Oh, Brother, But This Ain’t Kansas

They’ve done “Larry King Live.” They’ve hobnobbed with the powerful and famous. They’ve been to Sea World. And Bob Dole’s two sisters are loving every minute of it.

“Newt Gingrich gave me a kiss,” 70-year-old Norma Jean Steele said with a wink.

“We saw the killer whales,” added 74-year-old Gloria Nelson.

Lifelong residents of Russell, Kan., the Dole sisters arrived for their brother’s coronation at the Republican National Convention aboard his campaign plane.

They sit in the hall’s VIP box, wearing colorful dresses and sunflower pins, thrilled at meeting former presidents, governors and other bigwigs.
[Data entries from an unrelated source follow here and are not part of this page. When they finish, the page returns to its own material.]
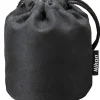 NIKON ETUI OBJECTIF SOUPLE CL-0913< Etui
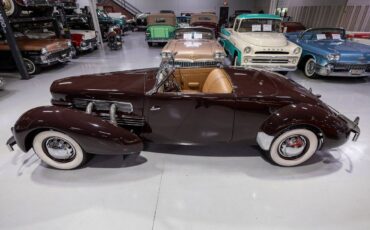 Cord-812-Supercharged-Sportsman-Cabriolet-Cabriolet-1937-11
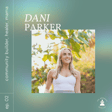 Coming alive through movement, breath, and community with Dani Parker image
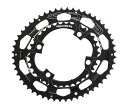 RIDEA リデア 5x/3xW3-LFR491 Powering LF W3T 4arms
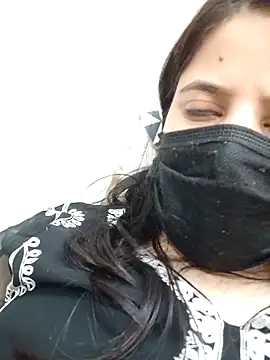 Snapshot of EZ_shuvani chatting on March 2025 12:55:01 PM EZ shuvani online show from March 2025 12:55:01 PM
But they haven’t had enough time to visit with the dozens of Dole family members and friends in town. “We’re just busy,” Steele said. “All these people are asking us for interviews. There are a lot of people I haven’t seen in a long time. We hardly have had time to say hello.”

The sisters sometimes answer questions at the same time and finish each other’s sentences. They aren’t used to being scheduled by campaign handlers, preferring to just chat on the phone or answer their front doors back in Kansas.

They like to have fun. Nelson snapped Larry King’s suspenders during their appearance Monday night.

“It was fun,” she chuckled.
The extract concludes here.